Atul Kahate looks at Unicode charater encoding, the facts the myths, the need and the use. He talks of traditional encoding schemes like ASCII and later provides a comparison of the Unicode formats UTF-8, UTF-16 and UTF-32. The article lists the pros and cons of the various character encoding schemes and their common uses.
Let us quickly ask ourselves the following:
* Ever wonder about that mysterious Content-Type tag in our HTML/XML documents?
* Did you ever get an email from someone in China with the subject line as “???? ?????? ??? ????”?
* Have you ever heard that Unicode is a 16-bit code, and therefore, can support up to 65,536 characters (which is a big myth)?
* Wonder how today’s applications are internationalized?
Someone must have said at some point in time that it is “Unicode”, which helps in all the above. But how does this happen? If we have no clue, let us read on!
Humans like to work in English-like (or other descriptive) languages and computers prefer the language of bits with values as 0s or 1s. Hence, we use codification techniques such as ASCII and EBCDIC. These allow us to map groups of 7 or 8 such bits (i.e. some sequence of 0s and 1s) into alphabets, numbers, and special symbols. For example, in ASCII, our alphabet A is internally stored and processed as 01000001.
While this worked well for a number of years, some drawbacks were noticed:
- ASCII and EBCDIC are 8-bit character mapping codes. That is, they use at the most 8 bits to represent every character. As a result, they can codify only up to 256 (because 28 = 256) different symbols. While this is good enough for English, in today’s world, we must be able to use computers for processing applications in several other languages, which use quite different scripts. How do we map all the symbols from these languages (e.g. Chinese characters) into ASCII or EBCDIC, since they simply do not have any capacity left! By the way, according to an estimate, there are about 6,800 different languages that humans use!
- To resolve the above-mentioned issue, several variants of ASCII were devised, which would use a “different” character set (called as code page), depending on which variant was used. For example, we could say that we want to represent West European alphabets and symbols using ASCII. Then a variant of the basic ASCII scheme was used in such a way that ASCII values 0 to 255 no longer mapped to traditional ASCII character set (i.e. to English), but to the variant of ASCII being defined (in this case, the West European characters). However, this was quite cumbersome, since for every different character set, there was a need to tweak ASCII. Clearly, this was not desirable either! Also, at any given time, only one of the non-English languages could be used.
- This would lead to problems of data loss during data exchange, incompatibility between interfacing applications, and lack of internationalization of applications.
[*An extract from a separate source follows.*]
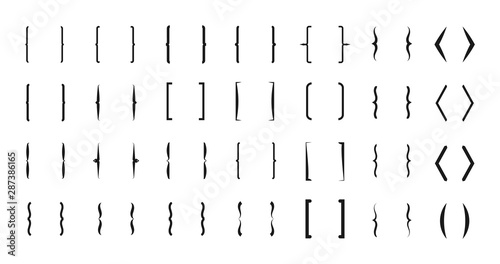 Bracket vector icons. Curly line brackets typography symbols set. Bracket and parenthesis, mathematic rounded arrow illustration photo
This is where a completely new solution was thought of.
Unicode is the ultimate solution which provides a unique number for every character in every language that we know of, and therefore, has the capacity to accommodate every possible character in all the scripts that exist in the +world. The Unicode standard has been adopted by industry leaders such as Microsoft, HP, IBM, Oracle, Sun, and Sybase etc. All operating systems support Unicode.
How Unicode Works?
Unicode makes use of three formats: UTF-8, UTF-16, and UTF-32. The following table summarizes how the same symbols/characters would be represented in hexadecimal in these three formats, as an initial view. Each 0xnn represents a byte. For instance, 0x41 is one byte (41 in hex). Similarly, 0x0041 means two bytes (00 and 41 in hex).
|Latin Capital Letter A||0x41||0x0041||0x00000041|
|Greek Capital Letter Alpha||0xCD 0x91||0x0391||0x00000391|
|CJK Unified Ideograph||0xE4 0xBA 0x95||0x4E95||0x00004E95|
|Old Italic Letter A||0xF0 0x80 0x83 0x80||0xDC00 0xDF00||0x00010300|
Note that UTF-8 size seems to be increasing in every instance (from 1 to 4 bytes). UTF-16 size doubles in the last example (from 2 to 4 bytes). UTF-32 size remains constant throughout (4 bytes).
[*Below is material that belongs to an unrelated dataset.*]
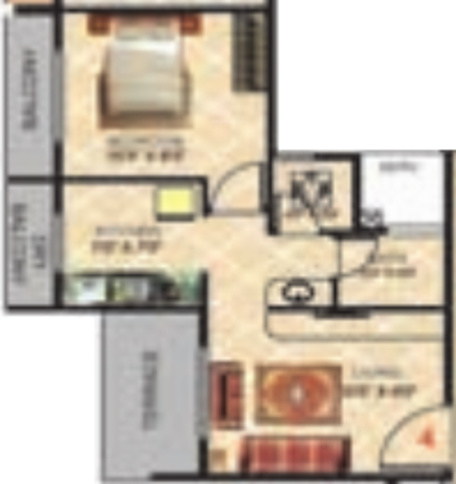 Gami Group Radha Krishna Complex (1BHK+1T (711 sq ft) 711 sq ft)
Until now, we are used to the concept that a letter maps to some bits, which we can store on disk or in memory. For instance:
A -> 0100 0001
In Unicode, a letter maps to something called a code point, which is still just a theoretical concept. How that code point is represented in memory or on disk is a different story.
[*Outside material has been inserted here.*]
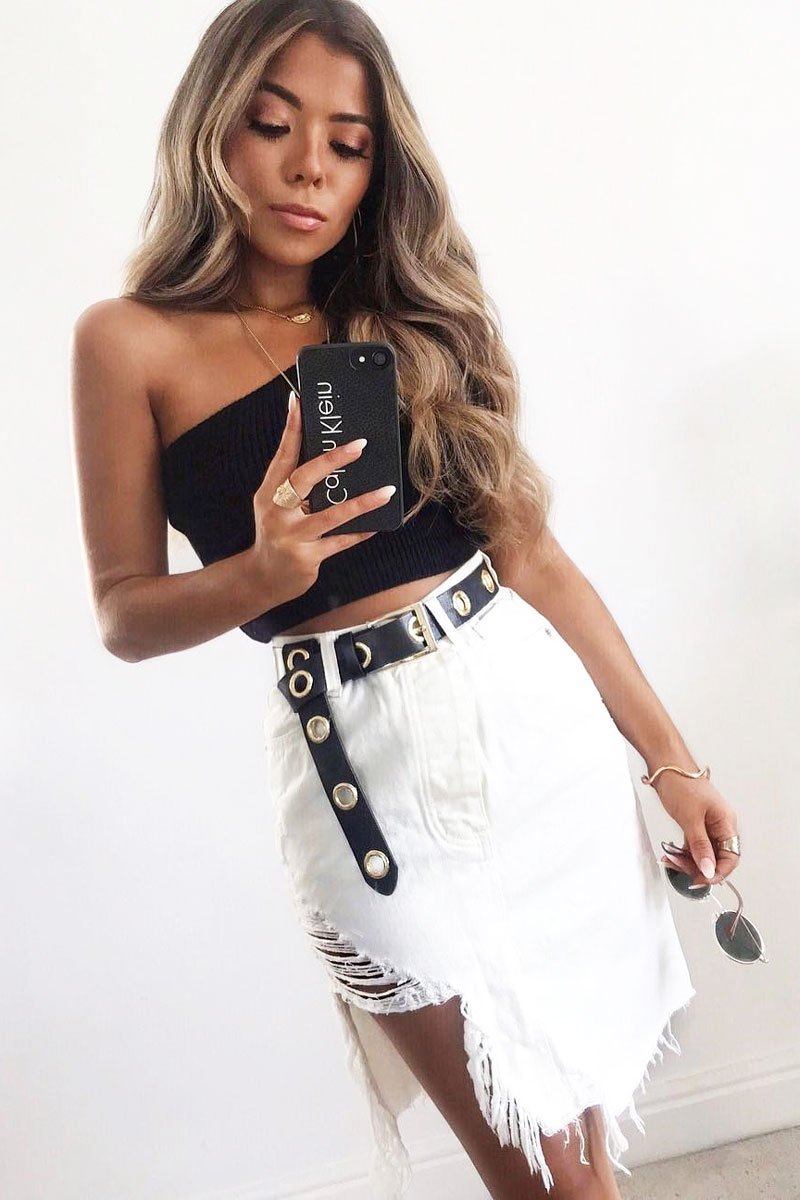 White Extreme Rip Distressed Denim Skirt - Shavy-Skirts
In other words, Unicode represents every symbol such that every character and symbol has a permanent 16-bit number called as “code point”. Thus, every symbol is represented in two bytes (or one word). Normally, this would allow for representation of 65,536 symbols (because 216 = 65,536). However, the world’s languages collectively use about 200,000 symbols; much larger in number than what Unicode can handle. Since code points are scarce, they must be used carefully.
Every letter in every language is assigned a unique number by the Unicode consortium, which is written like this: U+0639. This number is our “code point”. The U+ means “Unicode” and the numbers are hexadecimal. U+0639 is the Arabic letter Ain. The English letter A would be U+0041. We can find them all using the charmap utility on Windows.
Similarly, a string Hello would correspond to these five code points: U+0048 U+0065 U+006C U+006C U+006F.
The earliest idea for Unicode encoding, which led to the myth about the two bytes, was, to store code points in two bytes each. So Hello becomes: 00 48 00 65 00 6C 00 6C 00 6F. Because the scheme uses two bytes per symbol, it is known as UCS-2.
Note: Some terminology clarification would help here. People often get confused between not only UTF-8, UTF-16, and UTF-32 (which we have attempted to demystify here), but also between UTF-8 and say UCS-2. Following explanation should help:In 1984, a joint ISO/IEC working group was formed to begin work on an international character set standard that would support all of the world’s writing systems. This became known as the Universal Character Set (UCS).
By 1989, drafts of the new standard were starting to get circulated.On the other hand, UTF-8, UTF-16, and UTF-32 are Unicode standards, developed by the Unicode Consortium.When it was realized that UCS-* and UTF-* were attacking the same problems, there efforts were merged. So, essentially, we talk about similar things when we discuss either UCS-* or UTF-*.
Soon, the concept of UTF-8 was invented. UTF-8 is another system for storing our string of Unicode code points (the U+ numbers) in memory, using 8-bit bytes. In UTF-8, every code point from 0-127 is stored in a single byte. Only code points 128 and above are stored using 2, 3, and in fact, up to 6 bytes. And this is why in our earlier table we notice that for some characters, one byte was enough. But for others, we needed 2, 3, or 4 bytes in UTF-8.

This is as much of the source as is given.